Et dans le livre de Salomon (Ecclésiaste, I 14) il est écrit : « J’ai vu toutes ces choses qui se font sous le soleil, et voilà que toutes sont vanités et tourments d’esprit. » Et Jude frère de Jacques dit pour notre enseignement dans l’épître (vers. 23) : « Haïssez ce vêtement souillé qui est charnel. » Et par ces témoignages et par beaucoup d’autres, il vous faut tenir les commandements de Dieu, et haïr ce monde. Et si vous le faites bien jusqu’à la fin, nous avons l’espérance que votre âme aura la vie éternelle. »
Mon commentaire :
Enfin, le rappel du respect de la règle ne laisse aucun doute sur la vie qui attend le nouveau Bon-Chrétien.
« Et qu’il dise : « J’ai cette volonté, priez Dieu pour moi qu’il m’en donne sa force. » Et puis que l’un des « bons hommes » fasse son melioramentum, avec le croyant, à l’ancien et qu’il dise : « Parcite nobis. Bons chrétiens, nous vous prions par l’amour de Dieu que vous accordiez de ce bien que Dieu vous a donné à notre ami ici présent. » Et puis que le croyant fasse son melioramentum, et qu’il dise : « Parcite nobis. Pour tous les péchés que j’ai pu faire ou dire ou penser ou opérer, je demande pardon à Dieu, et à l’église et à vous tous. » Et que les chrétiens disent : « Par Dieu et par nous et par l’église qu’ils vous soient pardonnés, et nous prions Dieu qu’il vous les pardonne. » Et puis ils doivent le consoler. Et que l’ancien prenne le livre et le lui mette sur la tête, et les autres « bons hommes » chacun la main droite, et qu’ils disent les « parcias[2] » et trois adoremus[3], et puis : Pater sancte, suscipe servum tuum in tua justifia, et mitte gratiam tuant et spiritum sanctum tuum super eum. Et qu’ils prient Dieu avec l’oraison, et celui qui guide le service divin doit dire à voix basse la « sixaine » ; et quand la « sixaine » sera dite, il doit dire trois Adoremus, et l’oraison une fois à haute voix, et puis l’évangile[4]. Et quand l’évangile est dit, ils doivent dire trois Adoremus et la « gratia[5] » et les « parcias ». Et puis ils doivent faire la paix[6] (s’embrasser) entre eux et avec le livre. Et s’il y a des croyants, qu’ils fassent la paix aussi, et que les croyantes, s’il y en a, fassent la paix avec le livre et entre elles. Et puis qu’ils prient Dieu avec « double[7] » et avec veniæ, et ils [lui] auront [ainsi] livré [l’oraison]. »
Mon commentaire :
Pour finir, le sacrement est détaillé mais l’on note que les treize Pater sont réduits à six. Je pense que cet allègement tenait au fait que la cérémonie étant publique et comportant de nombreuses autres parties, la pratique rituelle des Heures avait été modifiée pour éviter de trop longues cérémonies.
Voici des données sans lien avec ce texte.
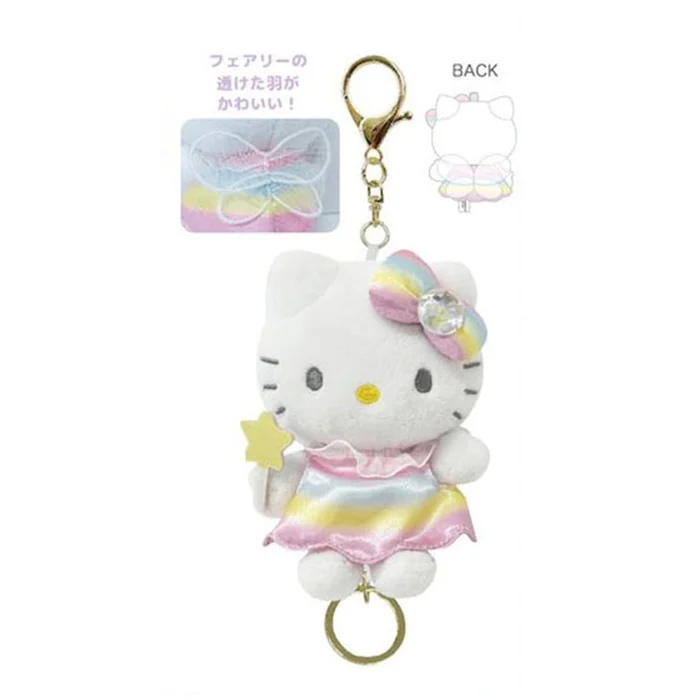 Fantasy Elf Series Plush Pendant Rainbow Type [Hello Kitty]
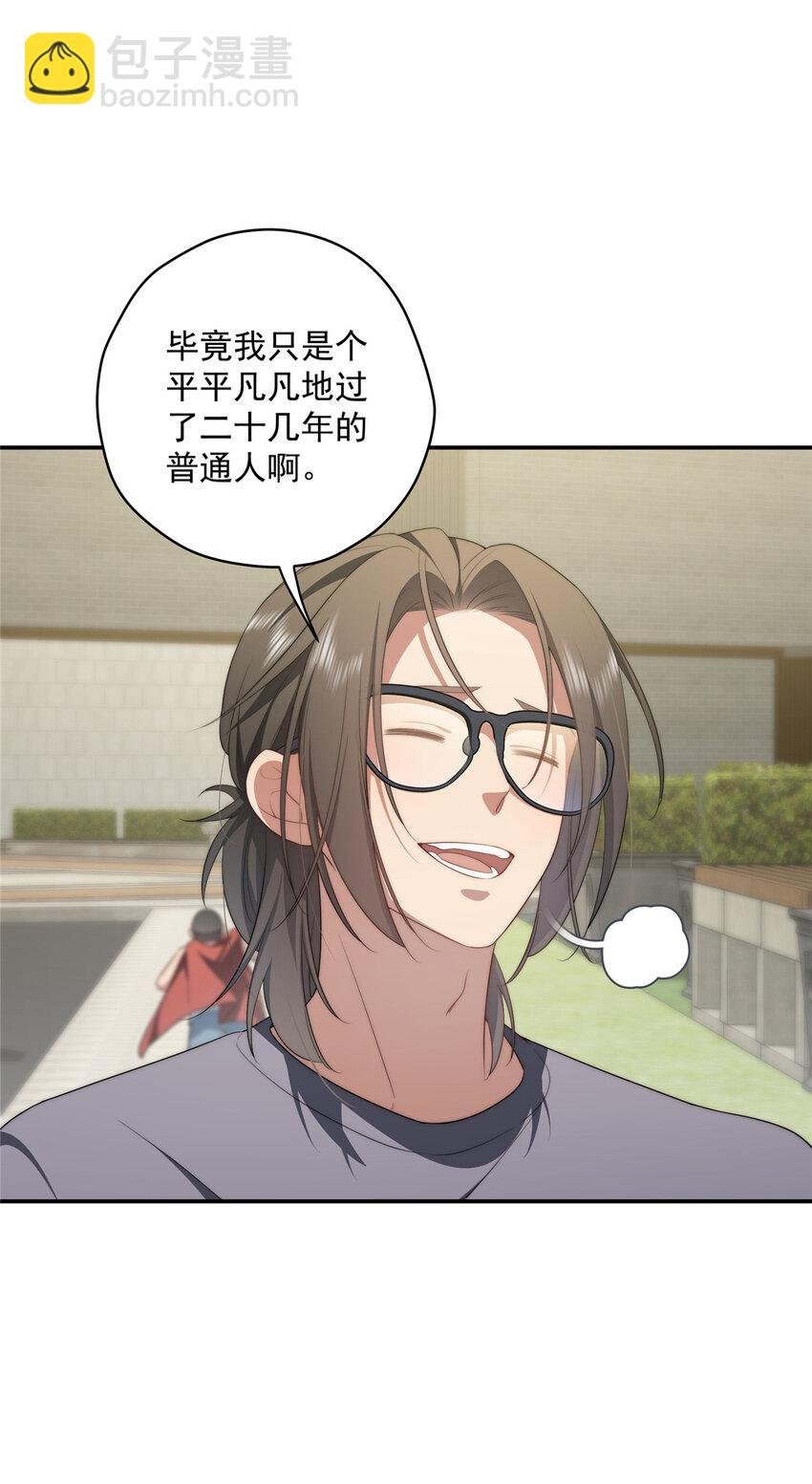 29 秋无际的第一桶金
[1] Gonelle : chemise du dessus, portée sur la camisia (chemise du dessous), mi-longue et ajustée avec des manches plus ou moins longues.
[2] Éléments des rituels des Heures
[3] Apparemment sans faire la veniæ qui l’accompagne lors des Heures.
[4] Certainement le prologue de l’Évangile selon Jean.
[5] Éléments des rituels des Heures
[6] Rituel de la paix qui ponctue régulièrement les rituels et sacrement.
[7] Double rituel des Heures enchaîné comme lors des matines, Laudes, Vêpres et Complies.